Flyer

Archives of Medicine

  • ISSN: 1989-5216
  • Journal h-index: 11
  • Journal CiteScore: 2.12
  • Journal Impact Factor: 1.0
  • Average acceptance to publication time (5-7 days)
  • Average article processing time (30-45 days) Less than 5 volumes 30 days
    8 - 9 volumes 40 days
    10 and more volumes 45 days
20+ Million Readerbase
Indexed In
  • Genamics JournalSeek
  • China National Knowledge Infrastructure (CNKI)
  • Directory of Research Journal Indexing (DRJI)
  • OCLC- WorldCat
  • Proquest Summons
  • Publons
  • Geneva Foundation for Medical Education and Research
  • Euro Pub
  • Google Scholar
  • Secret Search Engine Labs
Share This Page

Perspective - (2022) Volume 14, Issue 12

Developing human renal epithelial cells for transplant in regenerative medicine

Rebecca Motta*
 
Department of Nephrology, Leiden University Medical Centre, Leiden, The Netherlands
 
*Correspondence: Rebecca Motta, Department of Nephrology, Leiden University Medical Centre, Leiden, The Netherlands, Email:

Received: 01-Dec-2022, Manuscript No. ipaom-22-13363; Editor assigned: 03-Dec-2022, Pre QC No. P-13363; Reviewed: 15-Dec-2022, QC No. Q-13363; Revised: 20-Dec-2022, Manuscript No. R-13363; Published: 27-Dec-2022

Introduction

By supplying a local source of trophic factors that encourage regeneration or by replacing damaged cells, cellular transplantation may be used to treat a number of human diseases. As a model cell, we used cadaveric donorisolated human renal epithelial cells (hRECs). We looked at a novel encapsulation method for immunoisolating hRECs and lentiviral transduction of the Green Fluorescent Protein (GFP) as a model gene for genetically engineering hRECs to secrete the desired trophic factors in order to use hRECs effectively in the treatment of kidney diseases. In particular, we investigated the possibility of preserving cell viability and trophic factor secretion by encapsulating hRECs using conformal coating or GFP transduction. In order to accomplish this, we optimized hREC culture conditions and demonstrated that aggregation in threedimensional spheroids significantly preserved cell viability, proliferation, and secretion of trophic factors. Through our fluid dynamic platform, we also demonstrated that both GFP-engineered and wild-type hRECs could be effectively encapsulated within conformal hydrogel coatings, enhancing cell viability and trophic factor secretion. The transplantation of genetically engineered human primary cells for the treatment of kidney-related and possibly other tissue-related diseases could be based on our findings in future therapies [1].

Description

Several human diseases could be treated with cellular transplantation. Acute kidney injury and chronic kidney disease are two of the most common conditions, and their high cardiovascular morbidity and mortality are linked to rising healthcare costs. There is a pressing need for strategies that can either slow the progression of chronic kidney disease or speed up the recovery process from acute kidney injury.

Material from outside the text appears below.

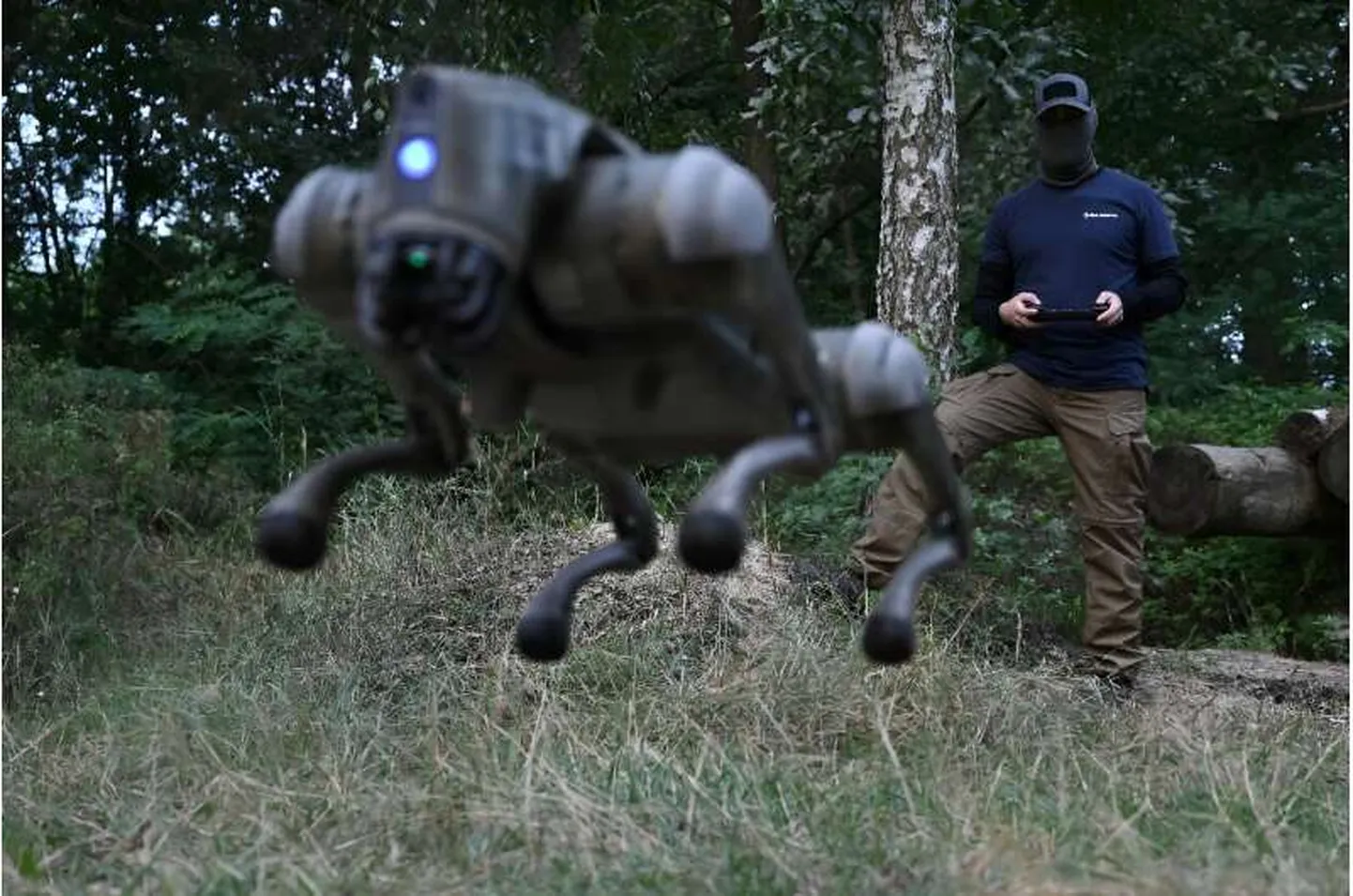 Operaatori juhitud õhku hüppav robotkoer.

The use of various therapeutic methods is being investigated. These include transplanting cells that are derived from damaged or dysfunctional tissues, either by themselves or as helper cells. The latter may aid in tissue regeneration through the recruitment of cells with regenerative potential or the local secretion of cytoprotective factors. The microenvironment's influence on phenotypic changes and plasticity determine the fate of implanted cells. When compared to standard two-dimensional culture, the majority of cells have been shown to be better preserved in three-dimensional (3D) scaffolds [2].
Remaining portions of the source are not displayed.